Content Translation

STC has a section under Designing and Developing Content that gives some information and tips on how to translate, localize, and eventual globalize your content. Here are some important this to know and consider when it comes to translation.

Did you know that translation does not only refer to converting a message from one language to another? It also incorporates the interpretation of the message and how it is understood from one language to another language. This is similar to advertising and marketing, because the message that they want to get a cross to their consumers all relies on the sending, decoding, and the noise through the message process.

Translation can be difficult due to these following factors:

  • The rules of grammar of the two languages
  • Their writing conventions 
  • Their idioms

STC mentions that many writers, publishers, and people in general believe that there is corresponding word in another language for the word you are using. A very known example of this is Coca-Cola. When Coca-Cola products went overseas to China the phrase “Coca-Cola” actually translates into “Bite the wax tadpole”, and clearly if they kept this translation it was expected their product would not sell well in China, and would be a huge marketing flop. So to solve this predicament Coca-Cola Company decided to choose two Chinese symbols that have a broad, yet positive meaning to them. The two symbols they ended up choosing generally mean “tasty” and “happy” so in China Coca-Cola is a tasty and happy soft drink… I’d say that is much better than having the perception of a tadpole wax soft drink, wouldn’t you think?

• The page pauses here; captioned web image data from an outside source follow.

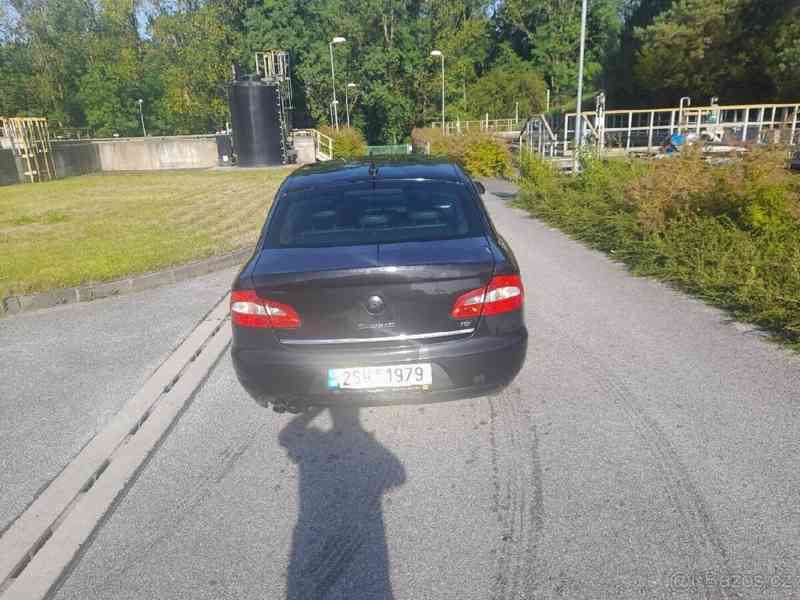 Škoda Superb DSG - foto 8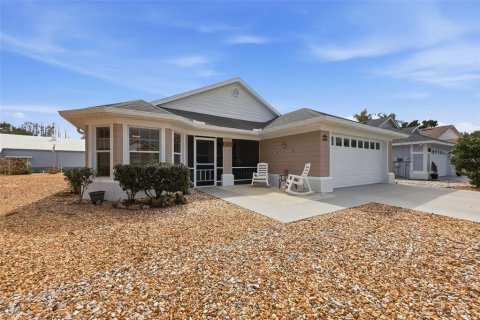 Casa en Davenport, Florida 2 dormitorios, 141.3 m2 № 2371229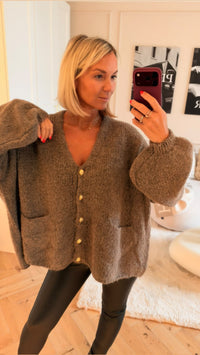V-AUSSCHNITT Kuschel Cardigan mit goldenen Knöpfen und Taschen / braun meliert Art. 122321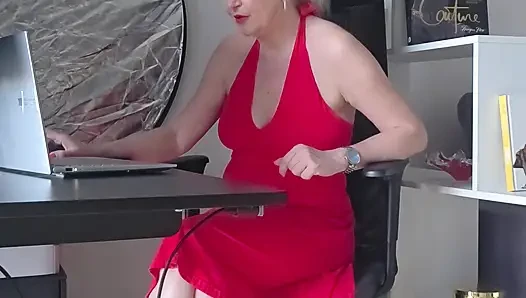 Auntie Getting Horny Online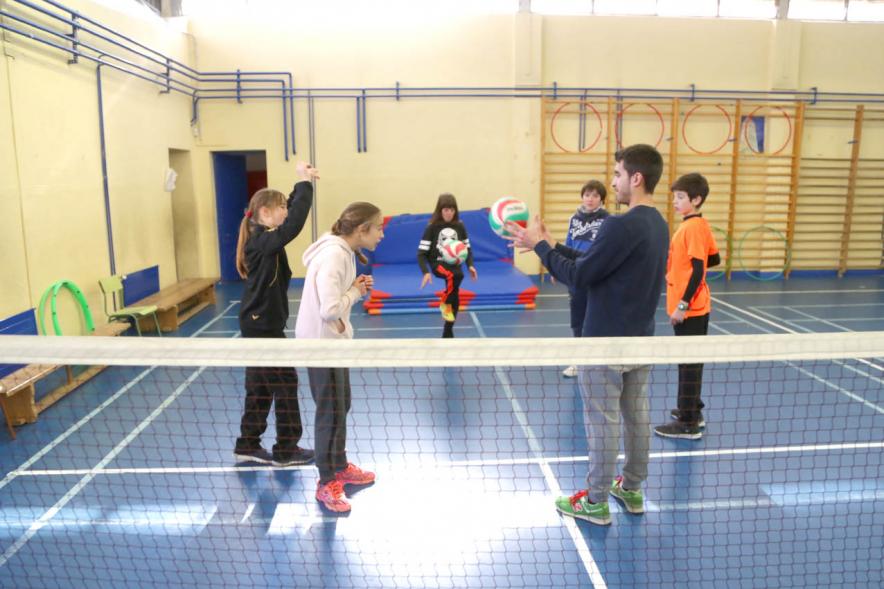 Día Multideportivo por la Integración y la Conciliación - Imagen de un grupo niños jugando al vóley.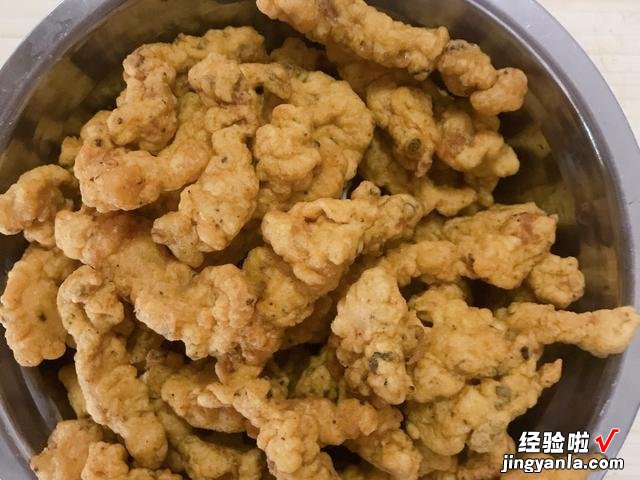 炸酥肉，直接下锅不对，大厨教你正确做法，香酥嫩滑，方法还简单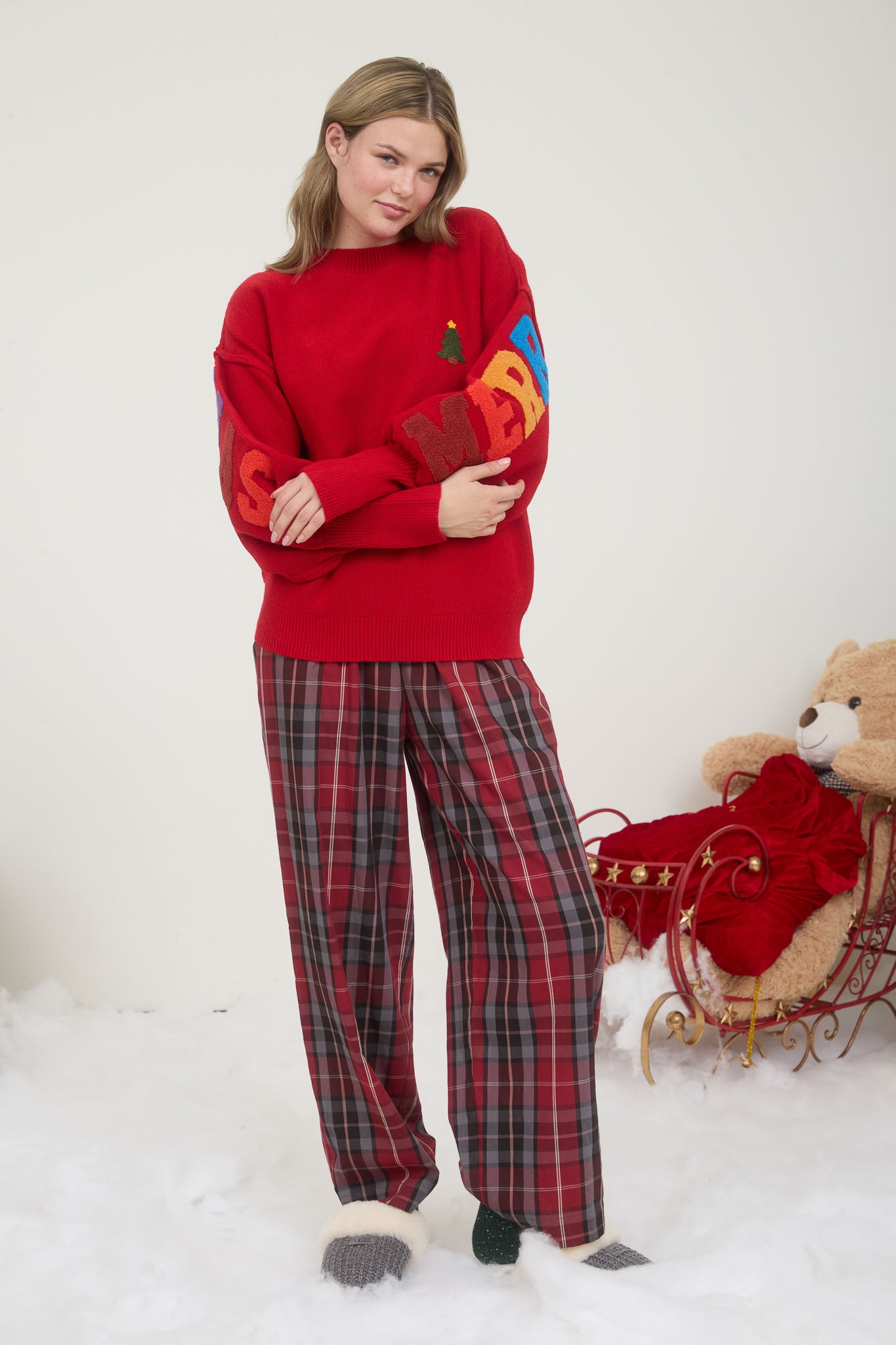 MERRY CHRISTMAS MULTICOLOR CREWNECK KNIT SWEATER (PRE-ORDER)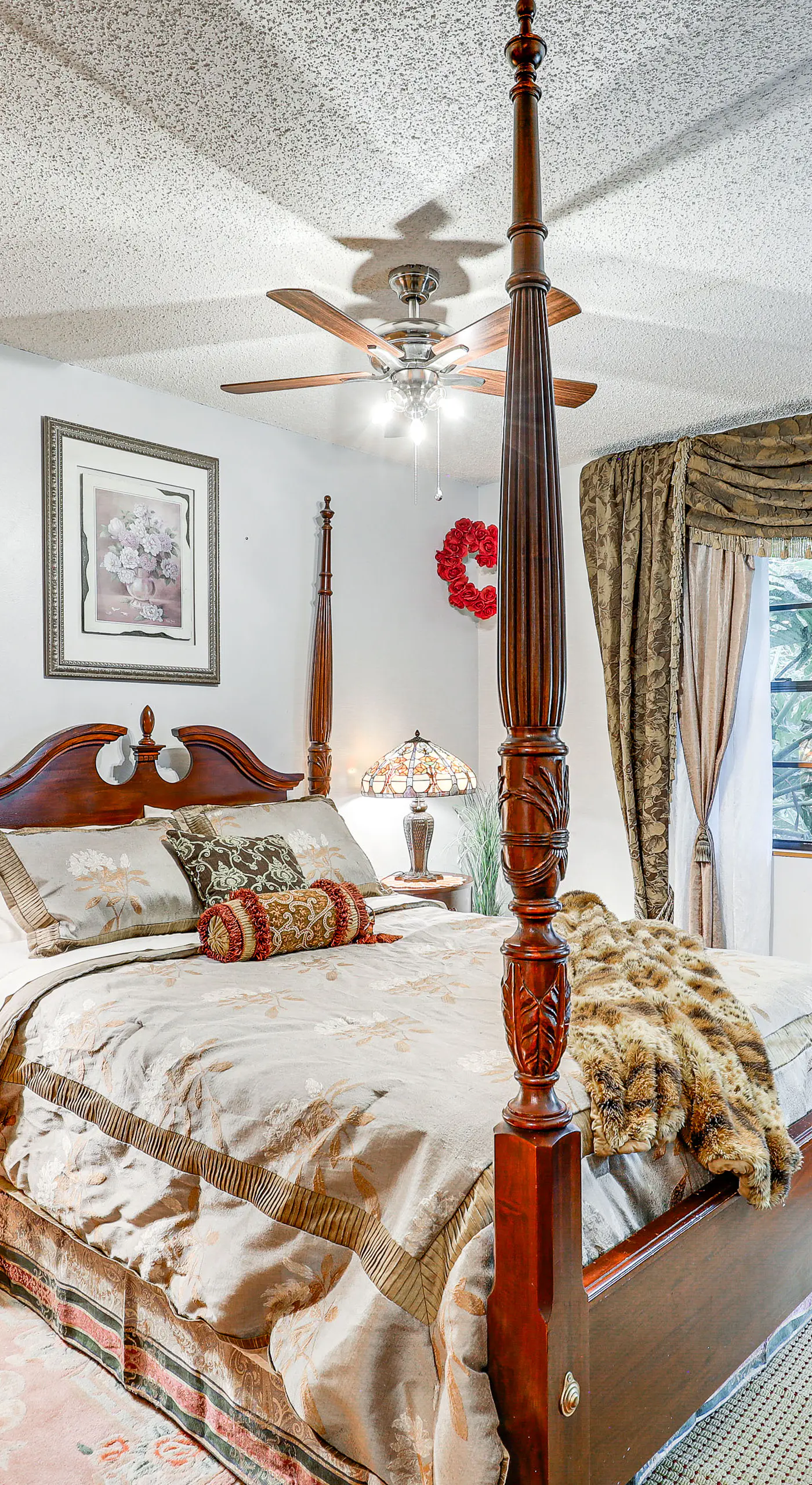 Tampa Area Home w/ Indoor Pool, Families Welcome!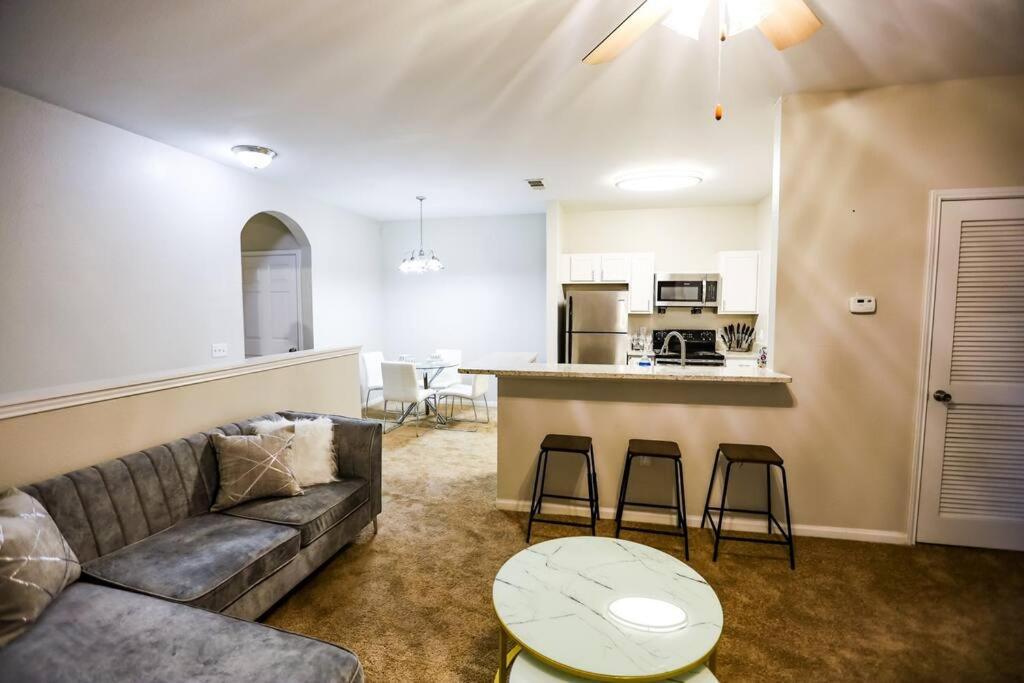 Appartement Lux 2Bd 2Ba Minutes From The Water à Pensacola Extérieur photo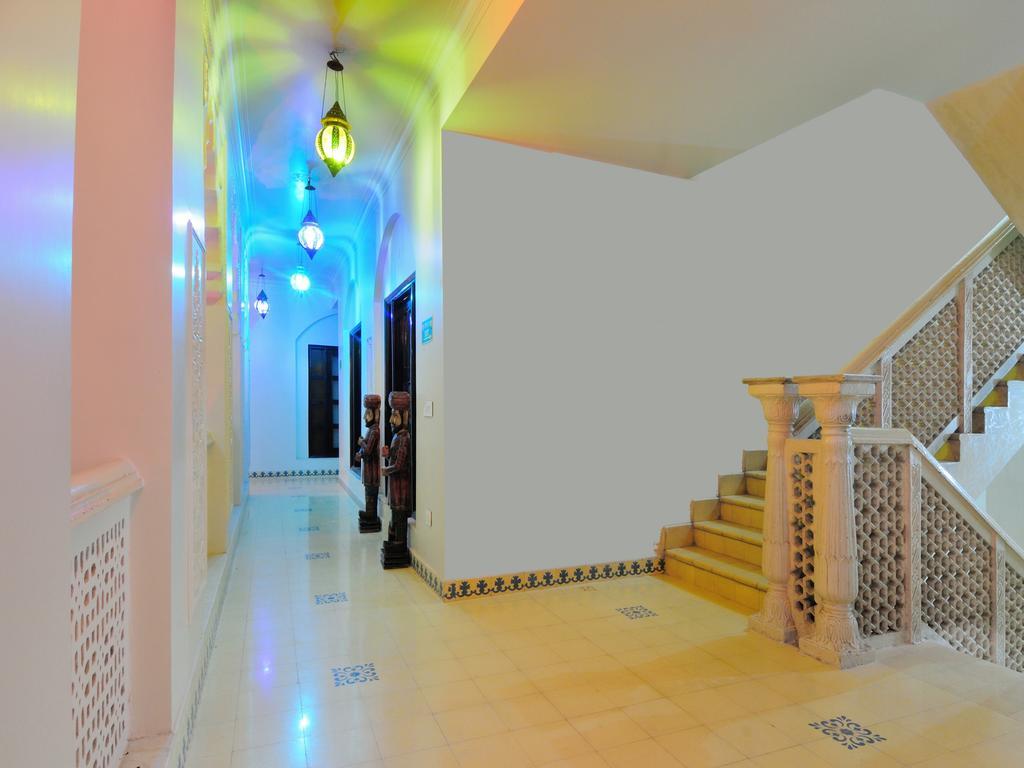 Hotel Staybook-jyoti Mahal A Heritage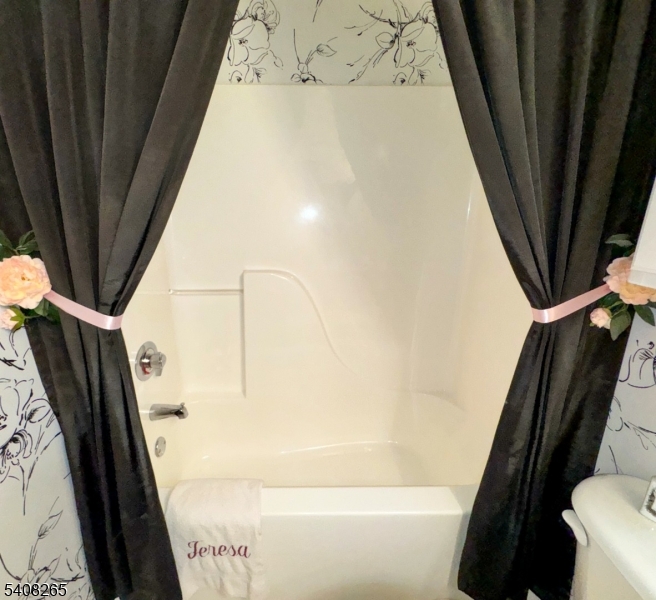 Chanda Arms - Residential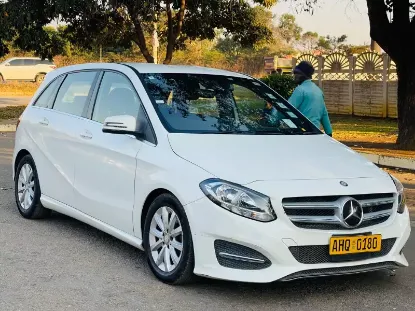 Picture of Mercedes Benz B class B180 2017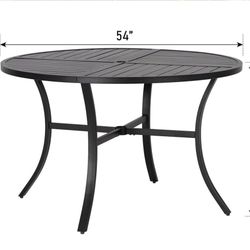 Round Patio Table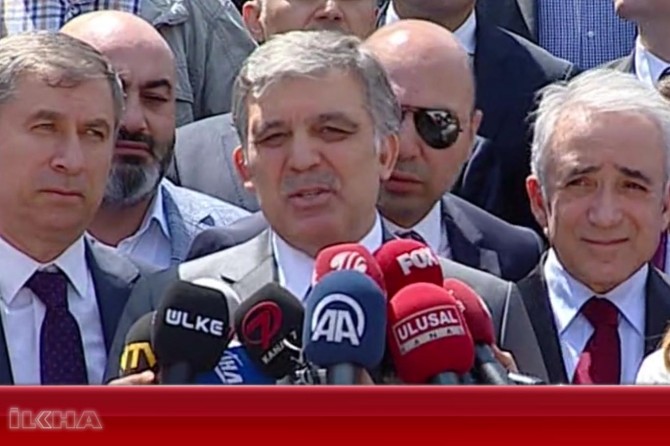 Abdullah Gul: “ Ez guh nadim wan kesên ku hewil didin min bikşînin navnîqaşan”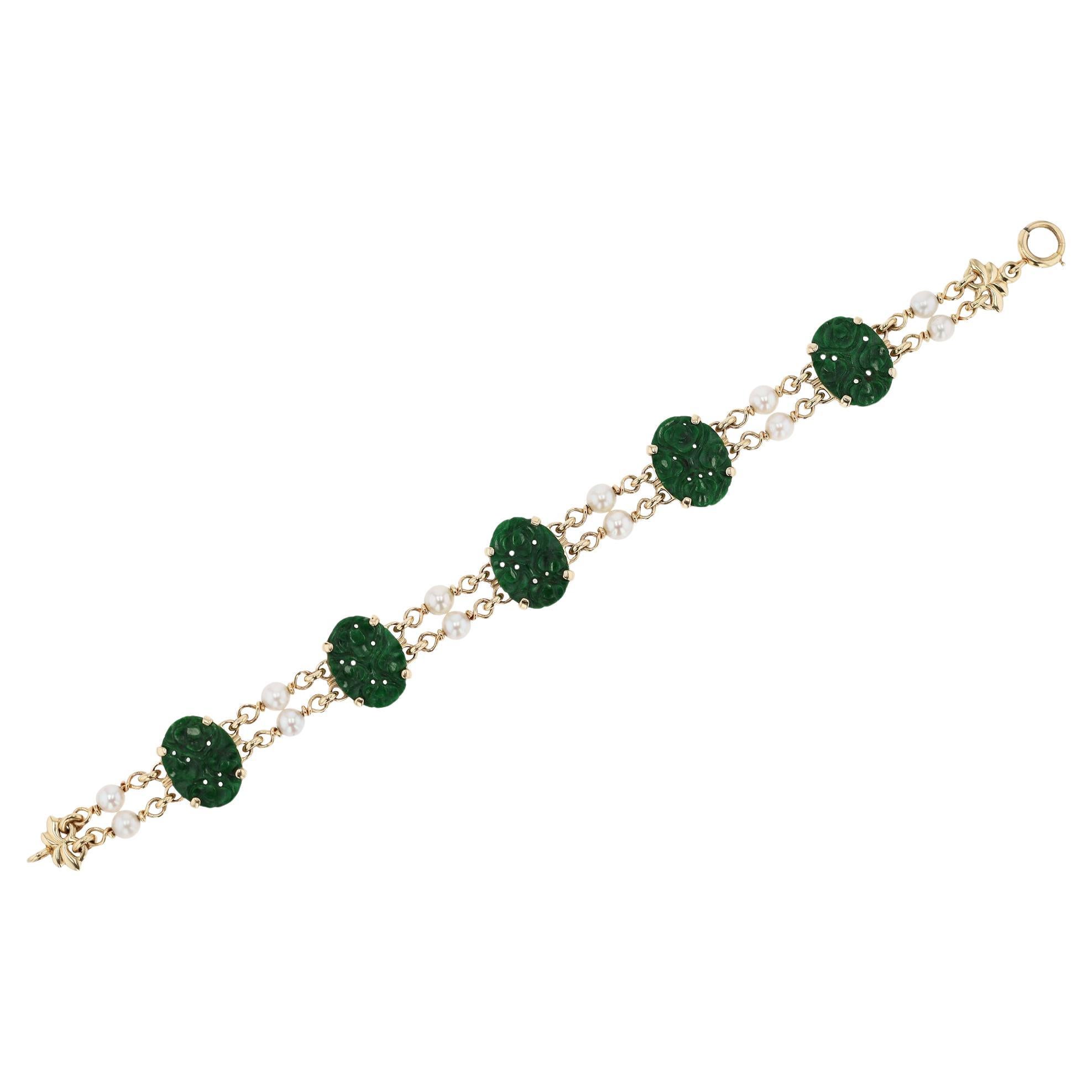 Taille ovale Bracelet station Art nouveau sculpté en jadéite et perles en vente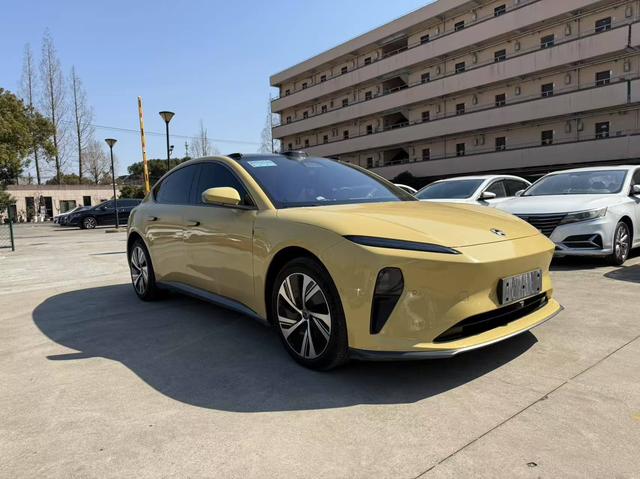 NIO ET5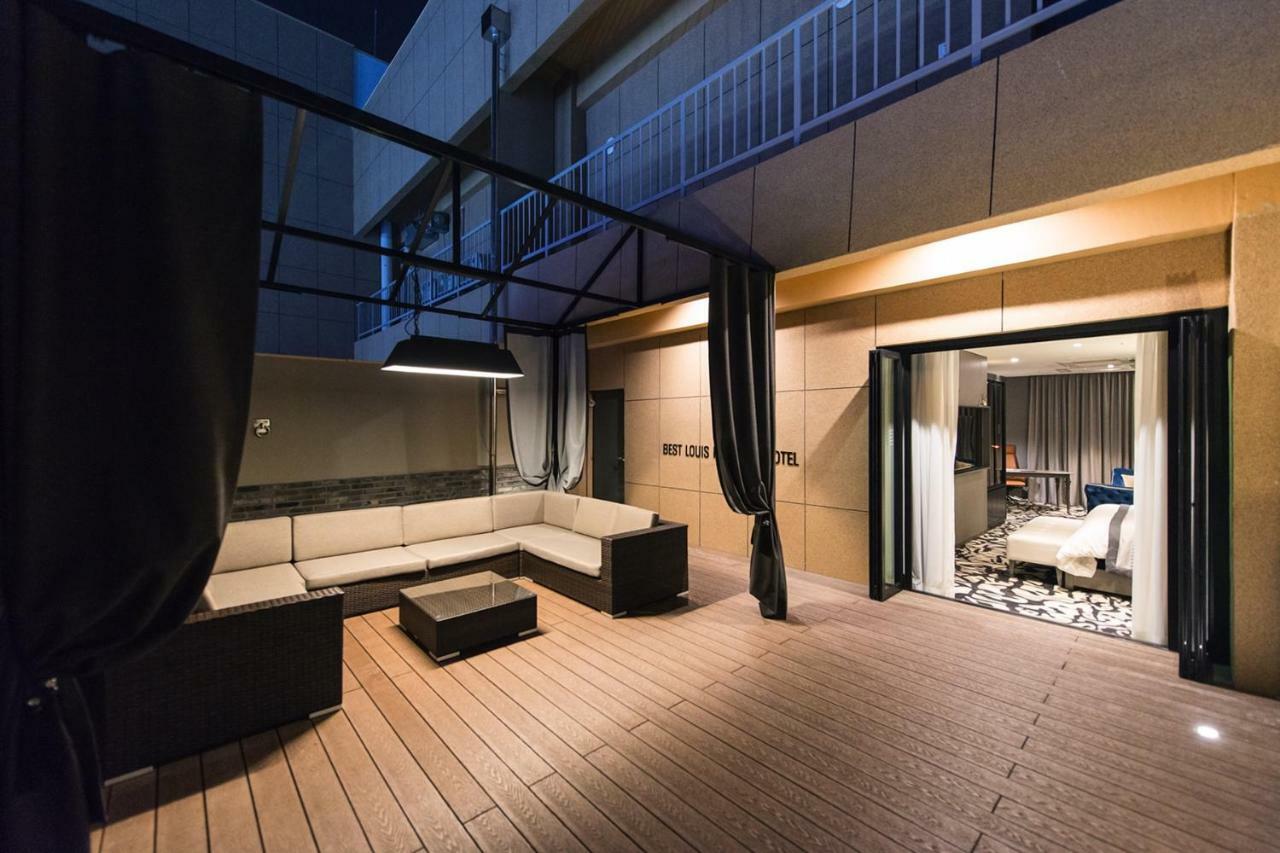 Best Louis Hamilton Hotel Changwon Exteriör bild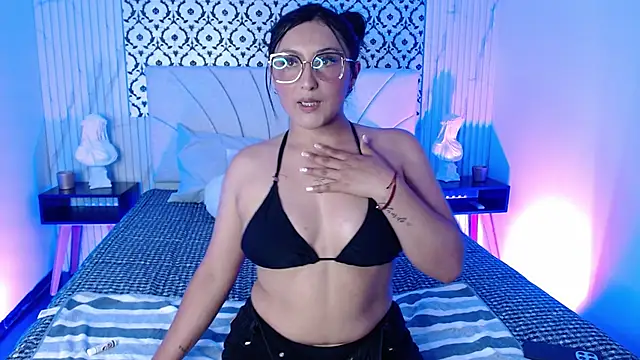 Snapshot of Annie_Brm chatting on March 24, 7:52 pm Annie Brm online show from March 24, 7:52 pm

So how do you make the transition from one language to another smoother? It’s much easier if it is taken into consideration while writing the content, that it will be translated because the writer(s) can choose words that are not only used in the country they are writing in. 

Lastly here are some things you should know regarding translation & special topics…

  • Controlled Languages: translation is much easier if you work within constraints in the first place
  • Metrics for Translation: how to measure what you are translating
  • Translation Technologies: although good-quality translation will always rely on people, there are technologies that can help.
  • Computer-aided Translation Basics: A rough census of the Internet shows that the demand for multilingual content increases.


3 thoughts on “Content Translation

  1. Yeah i always knew translations were not easy to I have heard of some other companies having issues with their translations. I always thought it was funny honestly. But I feel like new companies don’t realize how hard it is because now you have to somewhat change your image in a different country so it matches with a word that is somewhat close to your message. English is just not that easy to translate to other languages and vic versa.

  2. I enjoyed this post. Translating is definitely not easy, and can be very frustrating. I know I’ve had fun with online translators because for more complicated translations, it comes out garbled and not even close to the original. I also liked your Coca-Cola example. I find that this is the case for a lot of companies. I read somewhere once that Target had named a style of shoe a word that meant “pee” in a different language. Companies need to be careful and do their research before using foreign words because the translation may not be correct or get lost in another country.

  3. Thanks for your responses guys! Yes I agree that translation is a difficult thing to do, especially for large companies that go to several other countries and have to make adjustments in order to translate correctly for each individual country that uses another language. Coca-Cola is not just in the U.S. and China so I’m positive that they faced the previously discussed complication above, many times but learned from it, and didn’t want an error to happen because the China translation was made public.